April 21st: United Kingdom Consumer Confidence and Retail Sales month-on-month report to be released alongside Japan’s Inflation Rate.

April 24th: Germany’s Ifo Business Climate Index report to be released.

April 26th: Australia’s annual Inflation Rate and monthly Consumer Price Index (CPI) will be published. Germany's GfK Consumer Climate Indicator report and the United States Durable Goods Orders report will also be published.

April 27th: United States GDP Growth Rate report will be released, which measures the percentage change in the country's gross domestic product and provides insight into the overall health of the US economy.

Economic Calendar (tradingeconomics.com)

Market reflections

Australia

The Reserve Bank of Australia (RBA) released its meeting minutes this week stating that tighter monetary policy is gradually impacting the real economy as the labour market remains tight, albeit to a lesser degree than a few months ago. While some indicators of job advertisements have shown modest increases this year, the Australian Bureau of Statistics measure of vacancies has continued to decline. Wage growth remains solid, and firms in the RBA's ‘Liaison Program’ expect annual wages growth in the private sector to level out at below 4%.
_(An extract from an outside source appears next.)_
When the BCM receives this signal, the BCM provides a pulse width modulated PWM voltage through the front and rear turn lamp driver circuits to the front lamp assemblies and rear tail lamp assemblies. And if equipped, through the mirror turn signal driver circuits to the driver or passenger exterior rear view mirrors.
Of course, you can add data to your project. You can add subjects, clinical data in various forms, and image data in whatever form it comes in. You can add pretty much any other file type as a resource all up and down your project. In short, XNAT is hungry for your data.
The recent volatility in global markets has had a minor impact on Australian financial markets, but overall, conditions have improved. Banks have resumed their issuance of securities, and the effect on banks' funding costs has been small, indicating high confidence in the creditworthiness of Australian banks. The recent monetary policy tightening has continued to flow through to household mortgage payments, with required mortgage payments projected to reach around 10 per cent of household disposable income late in 2024.
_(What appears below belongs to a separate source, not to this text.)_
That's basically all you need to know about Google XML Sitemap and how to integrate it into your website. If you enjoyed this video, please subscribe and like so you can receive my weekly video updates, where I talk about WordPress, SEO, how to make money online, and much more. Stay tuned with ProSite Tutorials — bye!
In the Bank's regular half-yearly assessment of financial stability risks, members noted that financial stability risks had increased globally. Although global banking systems had remained resilient, regulators and policymakers were considering lessons from recent events, including ensuring banks remain resilient to shocks in the digital era. Any further banking stresses could result in a marked tightening in global financial conditions, increasing borrowing costs and reducing credit supply, which could accelerate a downturn in the broader credit cycle.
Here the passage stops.